Las enormes expectativas que rodearon Lodger en mayo de 1979 hicieron que el disco supusiera, por fuerza, una decepción, con demasiados loops, repetitivos y trabajados hasta el exceso, convertidos en canciones y un sonido curiosamente
endeble. Algunos de esos loops funcionaban, como en «Red Sails», un digno homenaje a Neu! También en «Repetition», una canción muy potente sobre la violencia doméstica que funciona por la falta de una intención moralizante directa,
y que Bowie interpreta con un tono monocorde y carente de emoción. Me recuerdo sentado solo, con las piernas cruzadas, en el suelo del piso de mi madre, mirando la imagen distorsionada de Bowie como víctima de un accidente que ocupaba la portada e intentando que el disco me gustase más, buscando la forma de perdonar canciones algo bobas, como «Yassassin», una especie de reggae blanco espantoso (que Bowie sonara siquiera remotamente como Sting era insoportable).
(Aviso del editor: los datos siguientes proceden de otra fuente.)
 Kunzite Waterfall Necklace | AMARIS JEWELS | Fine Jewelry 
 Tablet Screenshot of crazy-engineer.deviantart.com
Scary Monsters era otra historia. Para entonces, después de una vergonzosa temporada de dos años en una escuela de restauración de la localidad (mi instituto cerró y lo convirtieron en una oficina de desempleo, la escuela de restauración
estaba en la puerta de al lado: llamadme vago) y del intento fracasado de convertirme en estrella de rock, me quedé en el paro y fui a cursar alguna asignatura al Stevenage Further Education College (digamos que no era exactamente Harvard). No tenía dinero para comprar discos, así que escuchaba la copia de un amigo del sindicato de estudiantes a la hora de comer. Me abrumaba la genialidad reflexiva de «Ashes to Ashes» y de «Teenage Wildlife». Bowie se miraba a sí mismo, sabiendo que todo el mundo lo estaba mirando. Pero recuerdo tener la
clarísima sensación de que una puerta se cerraba. Scary Monsters era sumamente consciente del papel decisivo que había tenido Bowie en cada estadio de desarrollo del punk y el pospunk. Era una especie de metaálbum. Pero había algo triste en él. O tal vez la tristeza era mía. Había comenzado a descubrir otro mundo de placer en las palabras y andaba escribiendo una poesía espantosa. Más o menos un año después, fui a la universidad y las cosas cambiaron. Aprendí a fingir que no
adoraba a Bowie tanto como lo adoraba.